Then, of course, there is the celebration of the sacraments. The Church is active on many fronts and tries basically to share the joy of the Gospel in a humble yet profound manner.
This year will be thirty years since the revival of the Church in Mongolia and its establishing diplomatic relations between the country and the Holy See. In few words, what can you say about this thirtieth anniversary?
Thirty years are not few, but not many either. Nonetheless, it has been a significant time in which the Church has been able to show herself and put down roots. If today we have nine communities in this whole area, it is a sign that the Gospel is being accepted and being lived in practice.
At the beginning, it was a time of creating new frontiers in a nation which suddenly saw how atheism and a Communist-style regime were collapsing and all sense of direction was being lost.

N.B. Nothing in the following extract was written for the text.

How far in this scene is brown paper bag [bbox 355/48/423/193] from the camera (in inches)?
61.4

It was at this precise moment of history when the first three missionaries arrived, among them Mgr Wenceslao Selga Padilla, the first prefect apostolic of Ulan Bator. They set out by starting very specific projects of friendship and solidarity in order to form relations based on trust that would last over time.
On the other hand, what are the prospects for the future of the Church in Mongolia?
There is still a lot to be done. This first nucleus of Christian life that we see springing up still needs great care to be able to continue growing and helping bring about a missionary dimension within our country that can be the sign of its evangelization.
In this regard, one of the main targets will be depth: accompanying those who have become Christians, and allowing the faith to go deep into the person and into society as a consequence. All the same, as the Pope says, plans and strategies are all very well, but what matters most is fidelity to the Lord lived through a life in accord with one’s faith.
The Apostolic Prefecture of Ulan Bator, the only church in the whole of Mongolia has recently joined the newly-created Bishops’ Conference of Central Asia. What do you think of this?
Before this decision was made, our local Church did not form part of any Episcopal Conference. My predecessor, Mgr Wenceslao Padilla, was in touch with the Episcopal Conference of South Korea in his personal capacity, and we continue on very good terms with them. As time went by and in accordance with the impulse Pope Francis is giving to synodal gatherings, it was decided to identify with an assembly closer to home to exercise collegiality more effectively.
Providence would have it that last autumn the Episcopal Conference of Central Asia was created and we now form part of that. This choice has been most favourable since all pastors of local churches need to have collegial point of reference.